-- What you have to do --
If a record contains a picture, leave the picture out and copy everything else exactly.
(Data provided Opens)
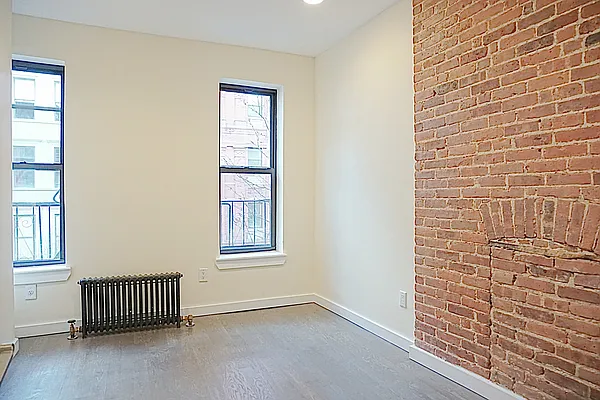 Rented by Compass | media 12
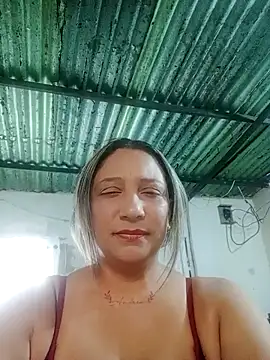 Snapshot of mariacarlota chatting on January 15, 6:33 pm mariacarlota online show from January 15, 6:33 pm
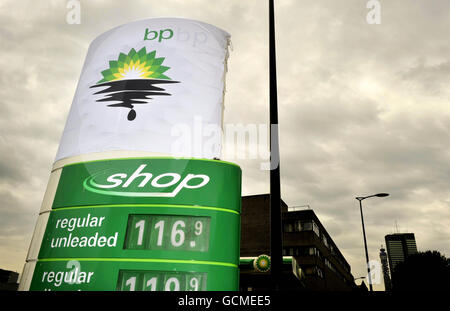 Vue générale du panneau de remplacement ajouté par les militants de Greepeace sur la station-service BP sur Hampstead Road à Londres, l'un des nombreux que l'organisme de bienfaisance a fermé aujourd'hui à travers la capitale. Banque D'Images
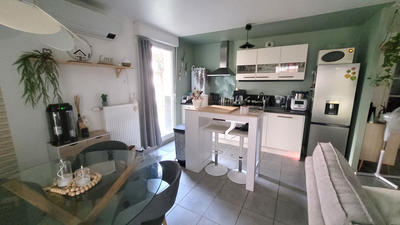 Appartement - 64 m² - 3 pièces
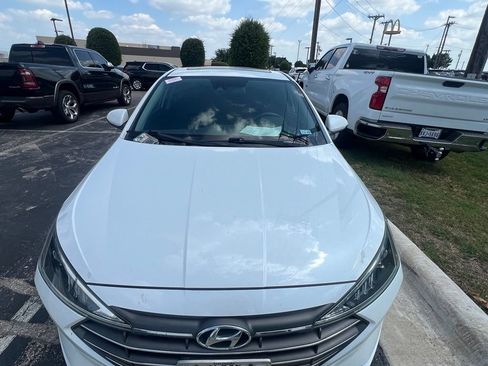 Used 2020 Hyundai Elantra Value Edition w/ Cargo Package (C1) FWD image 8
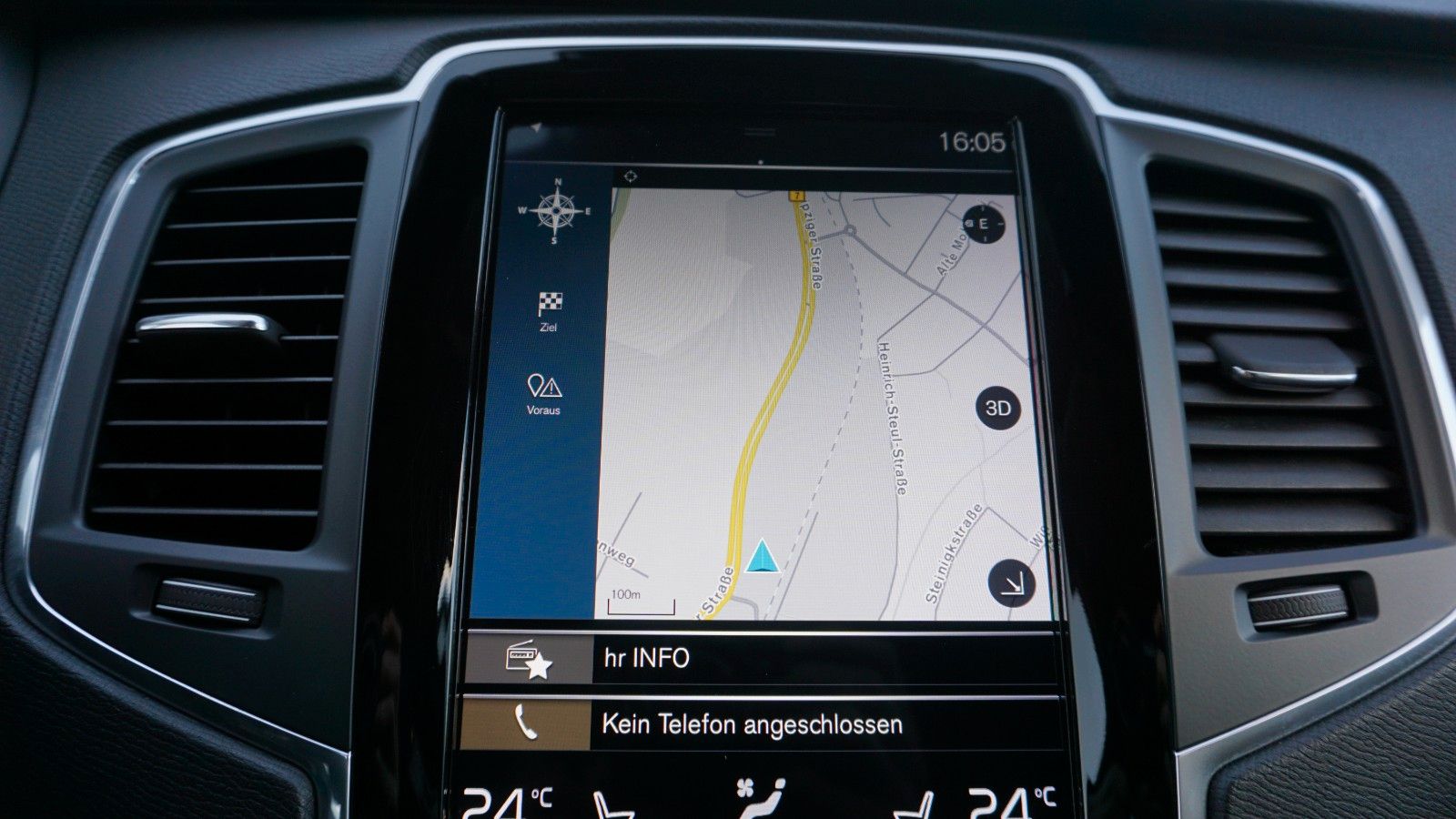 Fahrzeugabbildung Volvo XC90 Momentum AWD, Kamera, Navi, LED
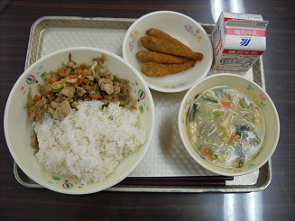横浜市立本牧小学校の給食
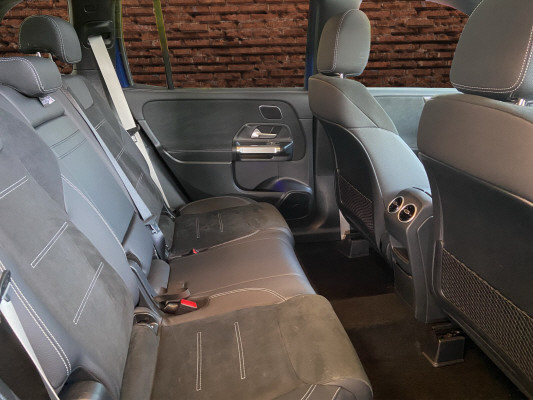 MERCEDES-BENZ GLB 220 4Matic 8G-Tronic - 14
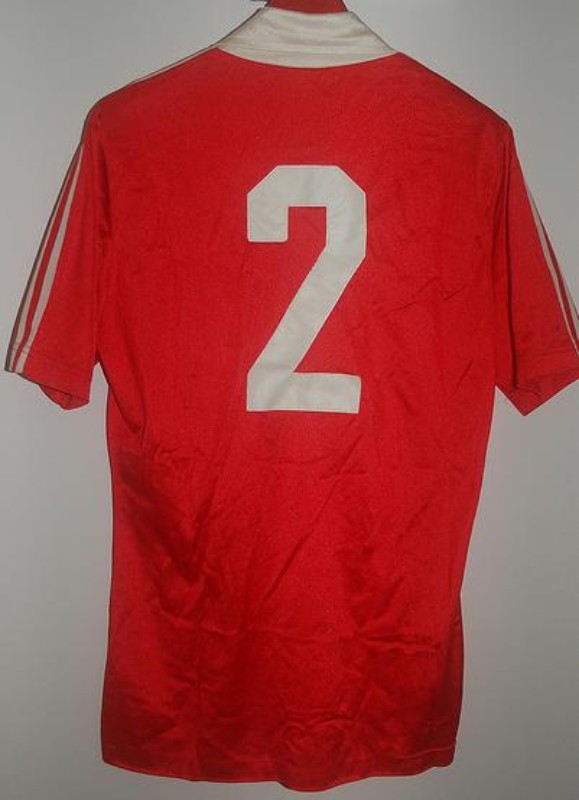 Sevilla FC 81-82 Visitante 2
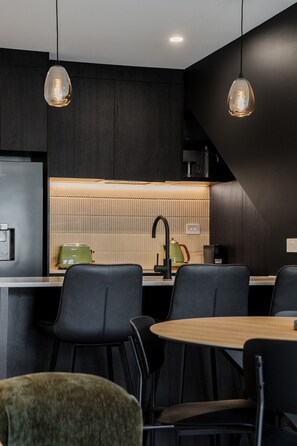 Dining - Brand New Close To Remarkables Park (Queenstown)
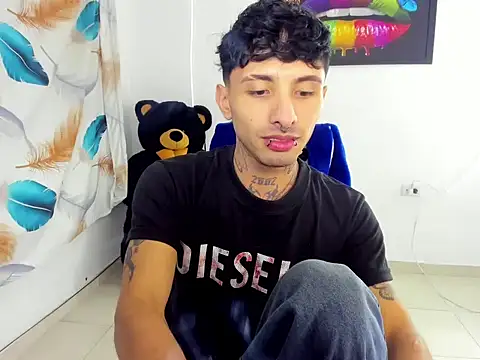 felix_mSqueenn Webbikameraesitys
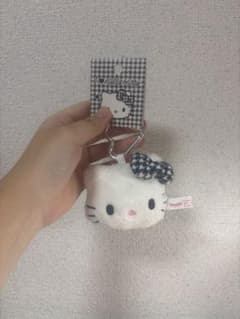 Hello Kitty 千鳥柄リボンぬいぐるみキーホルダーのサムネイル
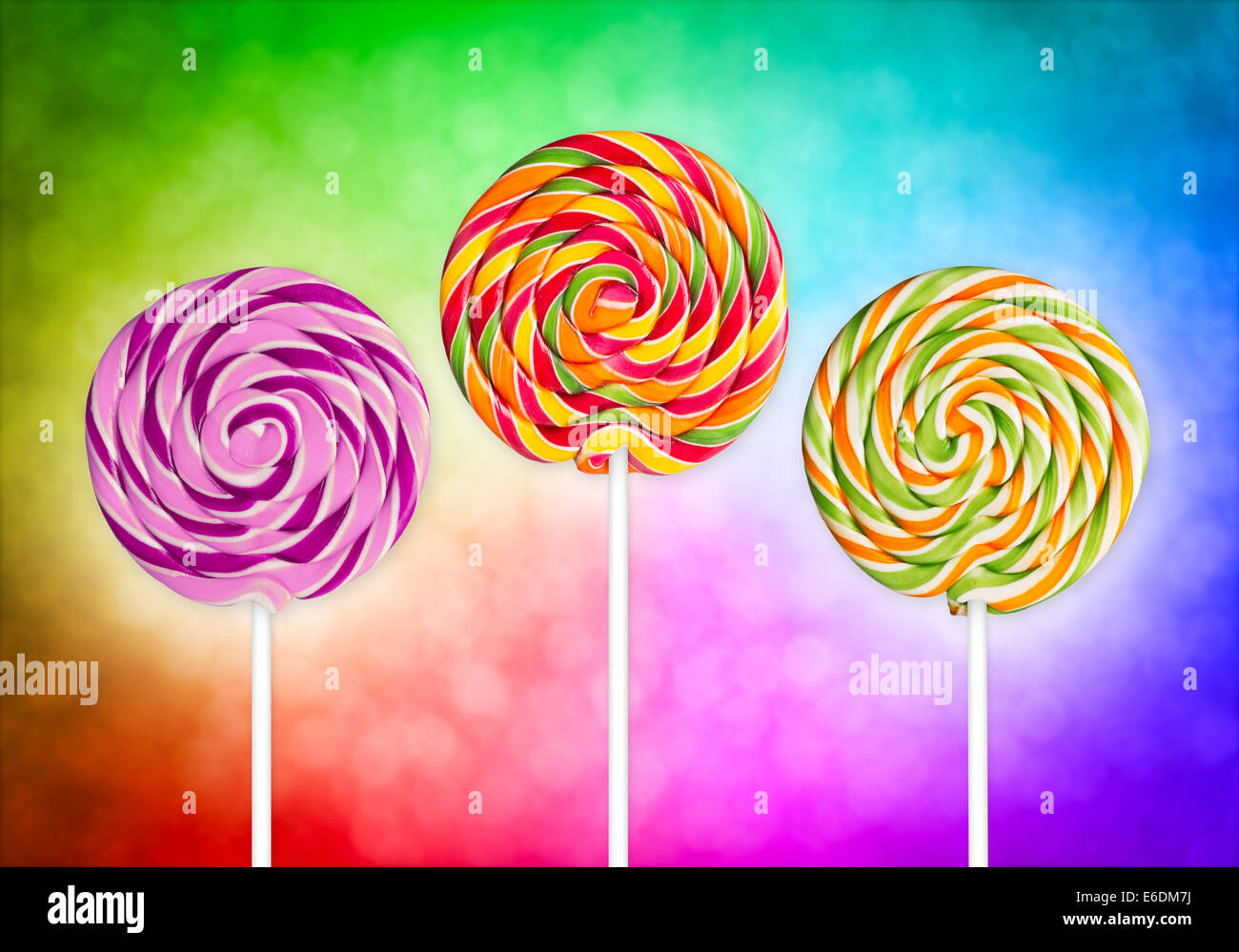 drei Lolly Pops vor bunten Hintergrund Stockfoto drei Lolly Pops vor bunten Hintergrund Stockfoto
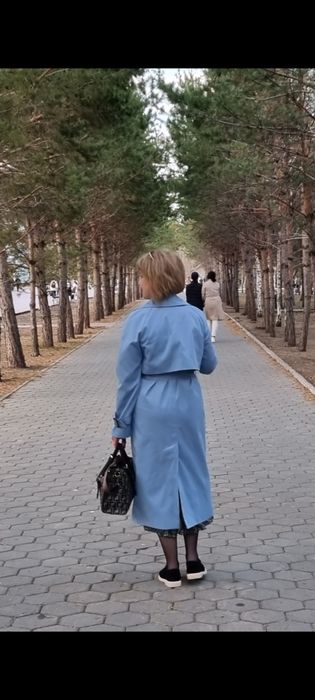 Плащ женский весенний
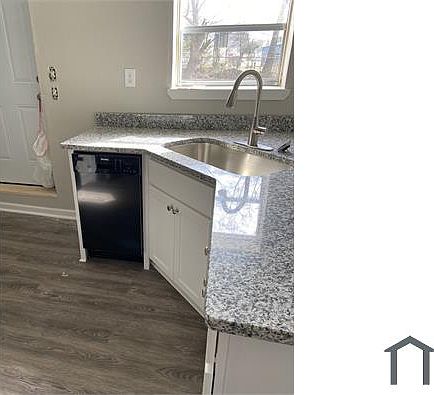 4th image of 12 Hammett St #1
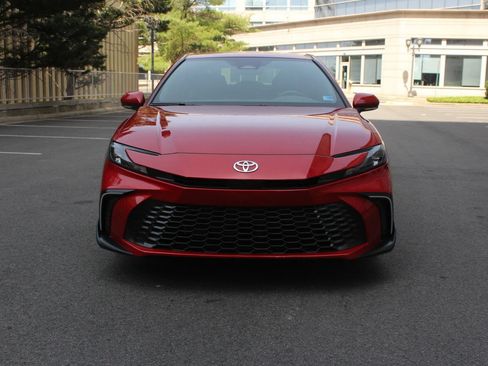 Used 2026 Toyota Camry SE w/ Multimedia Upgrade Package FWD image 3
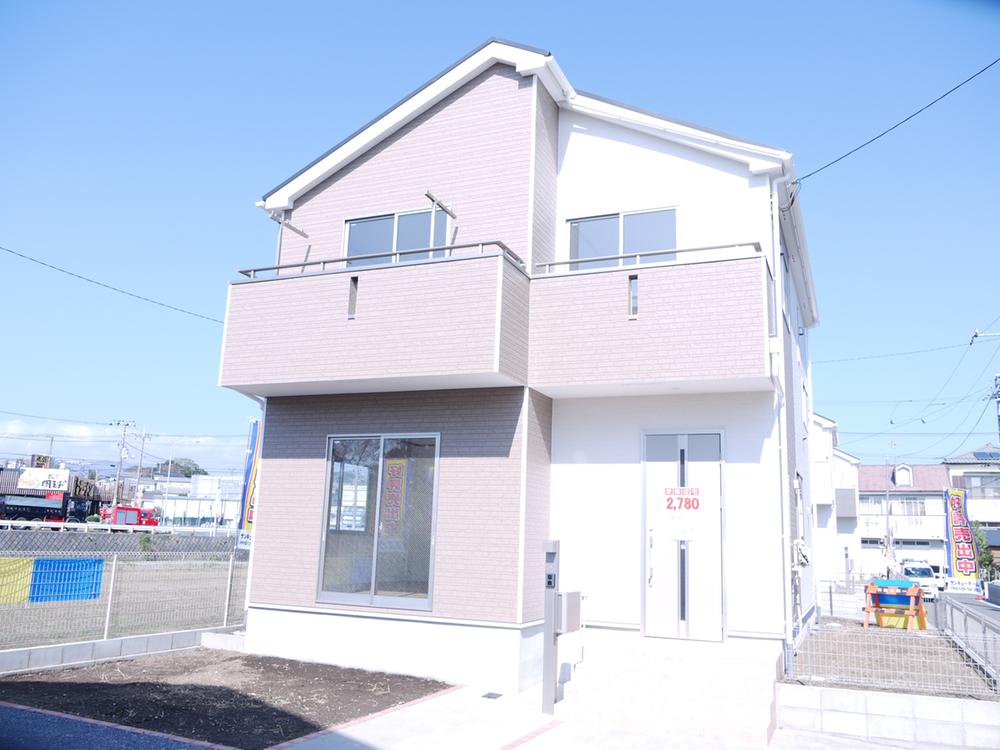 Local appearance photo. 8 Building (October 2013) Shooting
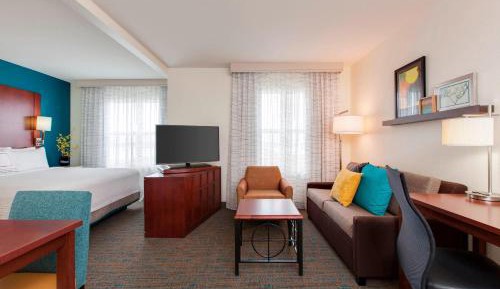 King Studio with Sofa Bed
(Data provided Closes)
-- Answer --
 Rented by Compass | media 12
 Snapshot of mariacarlota chatting on January 15, 6:33 pm mariacarlota online show from January 15, 6:33 pm
 Vue générale du panneau de remplacement ajouté par les militants de Greepeace sur la station-service BP sur Hampstead Road à Londres, l'un des nombreux que l'organisme de bienfaisance a fermé aujourd'hui à travers la capitale. Banque D'Images
 Appartement - 64 m² - 3 pièces
 Used 2020 Hyundai Elantra Value Edition w/ Cargo Package (C1) FWD image 8
 Fahrzeugabbildung Volvo XC90 Momentum AWD, Kamera, Navi, LED
横浜市立本牧小学校の給食
 MERCEDES-BENZ GLB 220 4Matic 8G-Tronic - 14
 Sevilla FC 81-82 Visitante 2
 Dining - Brand New Close To Remarkables Park (Queenstown)
 felix_mSqueenn Webbikameraesitys
 Hello Kitty 千鳥柄リボンぬいぐるみキーホルダーのサムネイル
 drei Lolly Pops vor bunten Hintergrund Stockfoto drei Lolly Pops vor bunten Hintergrund Stockfoto
 Плащ женский весенний
 4th image of 12 Hammett St #1
 Used 2026 Toyota Camry SE w/ Multimedia Upgrade Package FWD image 3
 Local appearance photo. 8 Building (October 2013) Shooting
 King Studio with Sofa Bed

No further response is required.